> Work item
Would you repeat exactly the part of the listing below that runs from the line containing "331 Sw 8th St #1-d-e, Boca Raton, FL 33432" down to the line containing "Building Photo - Come", inclusive, and nothing else?

=== Begin Enclosure ===

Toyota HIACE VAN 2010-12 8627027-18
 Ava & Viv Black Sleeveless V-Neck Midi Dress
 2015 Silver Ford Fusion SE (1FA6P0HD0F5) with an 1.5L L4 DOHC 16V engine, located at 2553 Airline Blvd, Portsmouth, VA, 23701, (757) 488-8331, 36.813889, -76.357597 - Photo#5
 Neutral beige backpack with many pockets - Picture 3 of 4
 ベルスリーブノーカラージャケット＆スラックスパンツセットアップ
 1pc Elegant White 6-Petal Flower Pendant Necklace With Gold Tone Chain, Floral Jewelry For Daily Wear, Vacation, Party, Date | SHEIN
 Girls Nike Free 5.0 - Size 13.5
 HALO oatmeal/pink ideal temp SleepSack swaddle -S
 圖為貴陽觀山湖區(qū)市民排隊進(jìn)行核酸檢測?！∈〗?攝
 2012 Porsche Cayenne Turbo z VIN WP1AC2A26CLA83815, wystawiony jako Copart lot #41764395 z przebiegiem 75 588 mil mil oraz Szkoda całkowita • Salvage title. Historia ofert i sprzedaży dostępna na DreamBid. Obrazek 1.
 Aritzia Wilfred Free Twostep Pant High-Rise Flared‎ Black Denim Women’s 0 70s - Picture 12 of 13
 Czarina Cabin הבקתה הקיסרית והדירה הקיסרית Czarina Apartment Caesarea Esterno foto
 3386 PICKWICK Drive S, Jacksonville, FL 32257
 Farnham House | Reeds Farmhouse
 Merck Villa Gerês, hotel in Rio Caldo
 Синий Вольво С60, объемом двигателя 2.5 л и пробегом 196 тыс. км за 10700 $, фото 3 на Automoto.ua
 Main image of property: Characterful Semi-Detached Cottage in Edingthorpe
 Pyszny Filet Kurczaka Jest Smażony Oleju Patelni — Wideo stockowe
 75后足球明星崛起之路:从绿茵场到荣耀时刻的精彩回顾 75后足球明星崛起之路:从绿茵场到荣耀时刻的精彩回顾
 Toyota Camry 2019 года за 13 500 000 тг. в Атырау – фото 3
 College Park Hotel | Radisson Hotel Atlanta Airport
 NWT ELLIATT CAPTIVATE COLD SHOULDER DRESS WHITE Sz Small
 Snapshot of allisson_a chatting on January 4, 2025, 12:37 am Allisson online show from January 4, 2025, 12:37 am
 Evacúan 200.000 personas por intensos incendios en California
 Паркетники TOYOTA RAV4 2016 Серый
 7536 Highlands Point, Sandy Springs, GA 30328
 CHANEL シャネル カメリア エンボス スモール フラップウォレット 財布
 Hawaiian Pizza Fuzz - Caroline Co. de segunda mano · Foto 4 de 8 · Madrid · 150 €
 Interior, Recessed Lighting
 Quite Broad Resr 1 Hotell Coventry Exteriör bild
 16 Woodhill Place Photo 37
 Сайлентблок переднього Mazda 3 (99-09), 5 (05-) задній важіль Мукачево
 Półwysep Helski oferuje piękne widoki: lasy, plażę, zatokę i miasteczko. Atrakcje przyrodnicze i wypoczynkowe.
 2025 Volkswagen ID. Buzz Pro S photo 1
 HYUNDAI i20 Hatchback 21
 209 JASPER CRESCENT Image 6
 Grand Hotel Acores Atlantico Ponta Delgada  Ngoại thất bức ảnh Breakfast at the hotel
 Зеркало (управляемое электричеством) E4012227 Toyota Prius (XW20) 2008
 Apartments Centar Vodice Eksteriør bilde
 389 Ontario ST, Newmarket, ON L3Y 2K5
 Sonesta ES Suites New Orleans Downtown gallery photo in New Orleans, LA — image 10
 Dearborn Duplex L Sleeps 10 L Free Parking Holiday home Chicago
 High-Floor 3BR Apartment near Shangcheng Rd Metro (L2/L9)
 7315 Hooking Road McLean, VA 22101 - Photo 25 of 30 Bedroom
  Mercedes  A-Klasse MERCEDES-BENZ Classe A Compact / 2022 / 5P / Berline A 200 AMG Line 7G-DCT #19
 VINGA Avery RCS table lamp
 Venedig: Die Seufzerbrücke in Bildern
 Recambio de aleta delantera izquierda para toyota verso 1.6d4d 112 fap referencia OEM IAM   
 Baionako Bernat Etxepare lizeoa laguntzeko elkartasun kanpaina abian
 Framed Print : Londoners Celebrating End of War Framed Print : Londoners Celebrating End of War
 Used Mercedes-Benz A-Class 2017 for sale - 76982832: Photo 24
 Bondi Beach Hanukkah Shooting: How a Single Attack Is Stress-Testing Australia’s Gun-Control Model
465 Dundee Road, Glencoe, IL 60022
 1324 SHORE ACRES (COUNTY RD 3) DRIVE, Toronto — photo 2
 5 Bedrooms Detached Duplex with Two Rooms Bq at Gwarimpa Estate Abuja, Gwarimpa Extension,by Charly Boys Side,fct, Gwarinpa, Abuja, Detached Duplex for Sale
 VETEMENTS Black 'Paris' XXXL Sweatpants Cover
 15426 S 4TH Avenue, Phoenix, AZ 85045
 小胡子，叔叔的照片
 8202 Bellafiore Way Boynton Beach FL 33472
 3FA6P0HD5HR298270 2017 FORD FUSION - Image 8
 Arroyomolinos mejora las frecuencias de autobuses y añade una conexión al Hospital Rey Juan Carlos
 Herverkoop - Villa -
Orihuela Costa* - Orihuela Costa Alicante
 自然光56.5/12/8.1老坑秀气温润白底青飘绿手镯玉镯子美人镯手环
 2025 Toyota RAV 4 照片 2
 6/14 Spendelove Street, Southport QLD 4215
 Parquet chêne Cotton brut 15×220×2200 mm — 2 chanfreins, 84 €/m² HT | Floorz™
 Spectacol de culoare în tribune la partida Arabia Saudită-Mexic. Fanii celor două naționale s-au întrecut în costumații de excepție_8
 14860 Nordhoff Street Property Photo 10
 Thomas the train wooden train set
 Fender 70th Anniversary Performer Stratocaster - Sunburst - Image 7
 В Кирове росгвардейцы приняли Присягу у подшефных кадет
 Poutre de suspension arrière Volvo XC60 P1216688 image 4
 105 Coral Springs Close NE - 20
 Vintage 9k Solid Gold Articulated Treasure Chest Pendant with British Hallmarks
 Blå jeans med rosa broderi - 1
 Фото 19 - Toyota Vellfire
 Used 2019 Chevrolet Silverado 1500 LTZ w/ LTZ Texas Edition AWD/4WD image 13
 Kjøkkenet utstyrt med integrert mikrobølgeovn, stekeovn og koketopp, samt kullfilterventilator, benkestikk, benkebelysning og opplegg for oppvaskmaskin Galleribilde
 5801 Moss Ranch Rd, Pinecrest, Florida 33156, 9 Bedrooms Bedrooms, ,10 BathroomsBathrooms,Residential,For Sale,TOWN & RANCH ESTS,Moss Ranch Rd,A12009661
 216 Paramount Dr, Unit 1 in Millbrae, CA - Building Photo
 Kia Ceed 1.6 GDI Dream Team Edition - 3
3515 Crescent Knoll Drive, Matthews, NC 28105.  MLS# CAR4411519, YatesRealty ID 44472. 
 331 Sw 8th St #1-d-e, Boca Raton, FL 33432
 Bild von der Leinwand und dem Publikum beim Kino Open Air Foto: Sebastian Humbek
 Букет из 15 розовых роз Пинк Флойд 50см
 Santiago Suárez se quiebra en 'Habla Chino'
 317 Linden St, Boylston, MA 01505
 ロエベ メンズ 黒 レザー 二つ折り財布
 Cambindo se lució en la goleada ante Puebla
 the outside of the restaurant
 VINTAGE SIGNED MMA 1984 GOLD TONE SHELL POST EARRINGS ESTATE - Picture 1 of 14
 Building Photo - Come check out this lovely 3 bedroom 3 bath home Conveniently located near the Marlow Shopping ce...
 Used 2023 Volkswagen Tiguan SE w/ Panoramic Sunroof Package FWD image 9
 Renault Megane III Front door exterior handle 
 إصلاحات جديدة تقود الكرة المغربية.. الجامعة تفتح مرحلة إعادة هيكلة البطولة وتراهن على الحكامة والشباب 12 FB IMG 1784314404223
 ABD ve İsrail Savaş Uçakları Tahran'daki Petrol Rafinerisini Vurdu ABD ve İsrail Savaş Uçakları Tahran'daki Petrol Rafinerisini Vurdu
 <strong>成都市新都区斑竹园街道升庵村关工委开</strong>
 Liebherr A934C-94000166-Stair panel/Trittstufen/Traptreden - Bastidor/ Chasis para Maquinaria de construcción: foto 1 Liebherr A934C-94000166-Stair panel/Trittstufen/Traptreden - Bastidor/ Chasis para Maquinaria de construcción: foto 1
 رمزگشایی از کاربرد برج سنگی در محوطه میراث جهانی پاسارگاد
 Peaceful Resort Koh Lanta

=== End Enclosure ===

> Answer to the exercise
 331 Sw 8th St #1-d-e, Boca Raton, FL 33432
 Bild von der Leinwand und dem Publikum beim Kino Open Air Foto: Sebastian Humbek
 Букет из 15 розовых роз Пинк Флойд 50см
 Santiago Suárez se quiebra en 'Habla Chino'
 317 Linden St, Boylston, MA 01505
 ロエベ メンズ 黒 レザー 二つ折り財布
 Cambindo se lució en la goleada ante Puebla
 the outside of the restaurant
 VINTAGE SIGNED MMA 1984 GOLD TONE SHELL POST EARRINGS ESTATE - Picture 1 of 14
 Building Photo - Come check out this lovely 3 bedroom 3 bath home Conveniently located near the Marlow Shopping ce...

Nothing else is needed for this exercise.